Oude Testament

Nieuwe Testament

Lucas 14:20-27 NBG-vertaling 1951 (NBG51)

20. Weer een ander zeide: Ik heb een vrouw getrouwd en daarom kan ik niet komen.

21. En de slaaf kwam terug en berichtte zijn heer deze dingen. Toen werd de heer des huizes toornig en zeide tot zijn slaaf: Ga aanstonds de straten en stegen der stad in en breng de bedelaars en misvormden en blinden en lammen hier.
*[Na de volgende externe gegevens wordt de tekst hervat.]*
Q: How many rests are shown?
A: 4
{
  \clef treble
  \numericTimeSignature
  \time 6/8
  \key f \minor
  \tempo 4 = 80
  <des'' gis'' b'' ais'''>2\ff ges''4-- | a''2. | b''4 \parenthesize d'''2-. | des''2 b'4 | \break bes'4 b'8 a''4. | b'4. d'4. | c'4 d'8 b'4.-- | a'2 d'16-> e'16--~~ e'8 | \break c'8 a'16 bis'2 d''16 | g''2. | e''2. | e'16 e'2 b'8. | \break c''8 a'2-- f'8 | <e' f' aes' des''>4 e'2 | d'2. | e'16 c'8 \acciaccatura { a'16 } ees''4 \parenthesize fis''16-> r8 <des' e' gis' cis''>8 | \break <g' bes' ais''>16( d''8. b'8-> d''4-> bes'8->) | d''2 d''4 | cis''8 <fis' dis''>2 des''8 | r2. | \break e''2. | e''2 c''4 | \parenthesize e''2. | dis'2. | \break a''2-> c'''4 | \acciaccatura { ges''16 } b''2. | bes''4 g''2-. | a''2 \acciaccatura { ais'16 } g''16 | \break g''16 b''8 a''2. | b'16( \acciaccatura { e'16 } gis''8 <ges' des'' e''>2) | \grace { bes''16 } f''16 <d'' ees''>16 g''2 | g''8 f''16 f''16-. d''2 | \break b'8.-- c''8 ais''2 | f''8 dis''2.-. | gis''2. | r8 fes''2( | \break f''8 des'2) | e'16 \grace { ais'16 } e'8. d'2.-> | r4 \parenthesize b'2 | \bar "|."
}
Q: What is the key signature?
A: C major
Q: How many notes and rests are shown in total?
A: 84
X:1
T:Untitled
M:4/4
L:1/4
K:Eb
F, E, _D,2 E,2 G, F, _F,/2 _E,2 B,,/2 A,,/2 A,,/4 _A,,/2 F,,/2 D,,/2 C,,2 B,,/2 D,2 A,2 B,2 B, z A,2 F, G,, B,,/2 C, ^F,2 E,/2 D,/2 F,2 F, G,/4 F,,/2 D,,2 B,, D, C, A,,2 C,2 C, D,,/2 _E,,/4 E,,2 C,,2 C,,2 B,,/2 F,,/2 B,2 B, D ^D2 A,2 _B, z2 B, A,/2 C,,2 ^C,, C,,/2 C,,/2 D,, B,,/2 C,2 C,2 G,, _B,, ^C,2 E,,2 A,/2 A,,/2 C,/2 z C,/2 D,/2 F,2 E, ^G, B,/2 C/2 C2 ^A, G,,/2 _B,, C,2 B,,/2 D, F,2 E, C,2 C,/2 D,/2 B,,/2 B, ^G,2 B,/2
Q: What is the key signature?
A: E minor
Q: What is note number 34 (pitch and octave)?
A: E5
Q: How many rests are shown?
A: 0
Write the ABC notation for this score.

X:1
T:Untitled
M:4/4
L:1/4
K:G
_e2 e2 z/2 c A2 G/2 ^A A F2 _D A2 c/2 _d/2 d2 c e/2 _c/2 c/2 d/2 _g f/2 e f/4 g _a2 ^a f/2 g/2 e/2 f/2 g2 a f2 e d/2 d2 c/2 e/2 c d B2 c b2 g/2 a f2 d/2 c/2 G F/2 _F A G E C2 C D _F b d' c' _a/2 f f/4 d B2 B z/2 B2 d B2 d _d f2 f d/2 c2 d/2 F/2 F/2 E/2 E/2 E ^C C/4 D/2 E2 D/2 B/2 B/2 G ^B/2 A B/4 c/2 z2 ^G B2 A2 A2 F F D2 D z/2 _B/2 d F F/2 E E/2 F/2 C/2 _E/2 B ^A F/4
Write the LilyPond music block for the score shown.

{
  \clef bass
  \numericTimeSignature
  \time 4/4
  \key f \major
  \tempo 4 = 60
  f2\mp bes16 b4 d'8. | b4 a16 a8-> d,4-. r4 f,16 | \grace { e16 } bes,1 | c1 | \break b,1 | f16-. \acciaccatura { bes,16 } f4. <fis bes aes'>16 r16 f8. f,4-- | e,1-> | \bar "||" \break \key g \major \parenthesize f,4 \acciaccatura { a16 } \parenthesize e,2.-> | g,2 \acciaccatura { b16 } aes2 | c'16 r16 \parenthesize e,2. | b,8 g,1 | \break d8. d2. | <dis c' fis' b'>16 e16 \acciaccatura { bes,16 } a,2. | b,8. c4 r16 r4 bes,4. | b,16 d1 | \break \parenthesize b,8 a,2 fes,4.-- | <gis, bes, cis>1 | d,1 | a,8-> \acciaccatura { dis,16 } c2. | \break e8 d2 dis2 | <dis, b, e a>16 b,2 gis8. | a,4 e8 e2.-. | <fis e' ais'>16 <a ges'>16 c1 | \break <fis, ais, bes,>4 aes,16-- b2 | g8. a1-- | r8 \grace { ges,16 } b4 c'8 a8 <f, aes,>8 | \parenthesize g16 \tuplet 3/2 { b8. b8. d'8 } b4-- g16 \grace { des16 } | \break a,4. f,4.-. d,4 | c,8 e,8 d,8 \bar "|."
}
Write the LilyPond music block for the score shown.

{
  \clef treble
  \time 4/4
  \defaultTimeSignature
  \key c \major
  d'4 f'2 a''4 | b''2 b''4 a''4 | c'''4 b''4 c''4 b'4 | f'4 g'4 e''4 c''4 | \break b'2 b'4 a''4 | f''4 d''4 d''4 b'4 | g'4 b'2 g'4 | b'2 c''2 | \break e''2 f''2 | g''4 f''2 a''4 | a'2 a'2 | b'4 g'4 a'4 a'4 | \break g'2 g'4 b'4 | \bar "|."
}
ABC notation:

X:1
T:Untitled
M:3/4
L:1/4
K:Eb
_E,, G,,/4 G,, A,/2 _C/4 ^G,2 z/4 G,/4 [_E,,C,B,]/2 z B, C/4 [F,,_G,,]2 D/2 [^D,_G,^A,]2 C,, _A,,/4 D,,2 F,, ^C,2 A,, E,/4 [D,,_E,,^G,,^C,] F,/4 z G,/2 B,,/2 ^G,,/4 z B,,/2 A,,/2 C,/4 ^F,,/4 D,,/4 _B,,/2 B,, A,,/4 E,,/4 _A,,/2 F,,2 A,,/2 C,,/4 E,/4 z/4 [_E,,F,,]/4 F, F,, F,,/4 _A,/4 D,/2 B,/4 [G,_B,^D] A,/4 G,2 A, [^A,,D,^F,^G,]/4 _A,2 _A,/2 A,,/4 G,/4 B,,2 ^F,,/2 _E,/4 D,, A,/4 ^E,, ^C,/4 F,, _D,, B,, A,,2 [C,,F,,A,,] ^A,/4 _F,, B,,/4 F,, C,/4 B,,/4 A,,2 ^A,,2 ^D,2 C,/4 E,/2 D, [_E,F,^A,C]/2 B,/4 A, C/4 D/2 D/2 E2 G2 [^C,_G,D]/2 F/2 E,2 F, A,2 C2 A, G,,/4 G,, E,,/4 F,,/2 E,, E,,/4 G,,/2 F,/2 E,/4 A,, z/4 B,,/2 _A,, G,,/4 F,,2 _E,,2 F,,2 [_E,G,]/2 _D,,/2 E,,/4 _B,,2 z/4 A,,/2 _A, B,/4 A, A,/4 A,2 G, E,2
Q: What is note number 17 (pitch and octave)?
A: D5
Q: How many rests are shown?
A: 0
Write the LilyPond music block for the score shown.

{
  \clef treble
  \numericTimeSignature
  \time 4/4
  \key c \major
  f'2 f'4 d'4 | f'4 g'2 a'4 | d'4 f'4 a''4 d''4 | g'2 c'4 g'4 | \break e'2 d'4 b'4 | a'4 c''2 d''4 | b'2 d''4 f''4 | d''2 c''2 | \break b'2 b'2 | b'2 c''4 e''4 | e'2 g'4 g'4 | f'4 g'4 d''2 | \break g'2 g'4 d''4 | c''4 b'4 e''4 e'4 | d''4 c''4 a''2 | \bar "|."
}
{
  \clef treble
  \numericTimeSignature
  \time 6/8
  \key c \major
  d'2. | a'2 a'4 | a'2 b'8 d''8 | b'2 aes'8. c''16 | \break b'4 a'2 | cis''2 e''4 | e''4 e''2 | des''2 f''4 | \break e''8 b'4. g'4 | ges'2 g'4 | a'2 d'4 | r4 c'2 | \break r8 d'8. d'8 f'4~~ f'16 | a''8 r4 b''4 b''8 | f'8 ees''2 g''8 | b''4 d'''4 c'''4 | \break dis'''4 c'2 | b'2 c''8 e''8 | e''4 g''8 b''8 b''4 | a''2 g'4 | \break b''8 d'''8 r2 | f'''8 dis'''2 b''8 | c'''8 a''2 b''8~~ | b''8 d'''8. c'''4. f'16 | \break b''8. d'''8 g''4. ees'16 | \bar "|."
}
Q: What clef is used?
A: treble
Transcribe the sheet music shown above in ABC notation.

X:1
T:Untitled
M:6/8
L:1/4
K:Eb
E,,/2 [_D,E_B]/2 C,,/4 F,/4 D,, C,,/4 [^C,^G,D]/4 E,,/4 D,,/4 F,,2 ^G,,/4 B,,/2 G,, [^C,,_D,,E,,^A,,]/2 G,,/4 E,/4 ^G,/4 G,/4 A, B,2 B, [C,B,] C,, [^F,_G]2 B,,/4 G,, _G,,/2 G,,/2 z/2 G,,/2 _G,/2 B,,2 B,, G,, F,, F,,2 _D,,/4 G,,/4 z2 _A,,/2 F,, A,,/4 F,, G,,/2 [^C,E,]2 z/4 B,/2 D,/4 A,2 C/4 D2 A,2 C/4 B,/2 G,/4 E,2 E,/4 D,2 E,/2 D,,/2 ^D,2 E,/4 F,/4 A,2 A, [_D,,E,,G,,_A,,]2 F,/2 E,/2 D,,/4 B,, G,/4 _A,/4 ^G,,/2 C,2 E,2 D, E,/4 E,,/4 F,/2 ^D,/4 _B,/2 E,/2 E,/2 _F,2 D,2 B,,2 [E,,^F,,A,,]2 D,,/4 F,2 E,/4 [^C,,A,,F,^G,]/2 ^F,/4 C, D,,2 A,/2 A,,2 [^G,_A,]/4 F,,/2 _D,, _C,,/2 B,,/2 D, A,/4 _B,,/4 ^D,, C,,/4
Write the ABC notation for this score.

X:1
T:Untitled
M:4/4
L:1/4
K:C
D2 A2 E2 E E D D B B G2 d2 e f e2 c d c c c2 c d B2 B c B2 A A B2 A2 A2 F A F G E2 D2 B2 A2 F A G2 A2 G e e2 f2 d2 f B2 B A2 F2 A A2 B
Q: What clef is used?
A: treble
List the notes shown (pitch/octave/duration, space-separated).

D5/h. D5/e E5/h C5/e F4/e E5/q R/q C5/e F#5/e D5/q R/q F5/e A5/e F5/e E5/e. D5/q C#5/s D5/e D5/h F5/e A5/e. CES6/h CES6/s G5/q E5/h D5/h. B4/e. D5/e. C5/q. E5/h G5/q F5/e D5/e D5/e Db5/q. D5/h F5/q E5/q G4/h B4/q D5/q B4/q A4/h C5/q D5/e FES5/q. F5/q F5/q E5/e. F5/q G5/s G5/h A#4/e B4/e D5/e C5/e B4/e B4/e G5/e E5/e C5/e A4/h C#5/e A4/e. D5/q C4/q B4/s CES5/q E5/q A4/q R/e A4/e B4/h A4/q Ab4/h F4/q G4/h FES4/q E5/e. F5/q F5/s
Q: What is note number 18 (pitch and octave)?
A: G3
22. En de slaaf zeide: Heer, wat gij hebt opgedragen, is geschied en nog is er plaats.

23. En de heer zeide tot de slaaf: Ga de wegen en de paden op en dwing hen binnen te komen, want mijn huis moet vol worden.

24. Want ik zeg u: Niemand van die mannen, welke genodigd waren, zal van mijn maaltijd proeven.

25. Vele scharen reisden met Hem mede, en Zich omkerende zeide Hij tot hen:

26. Indien iemand tot Mij komt, en niet haat zijn vader en moeder en vrouw en kinderen en broeders en zusters, ja zelfs zijn eigen leven, die kan mijn discipel niet zijn.

27. Wie niet zijn kruis draagt en achter Mij komt, kan mijn discipel niet zijn.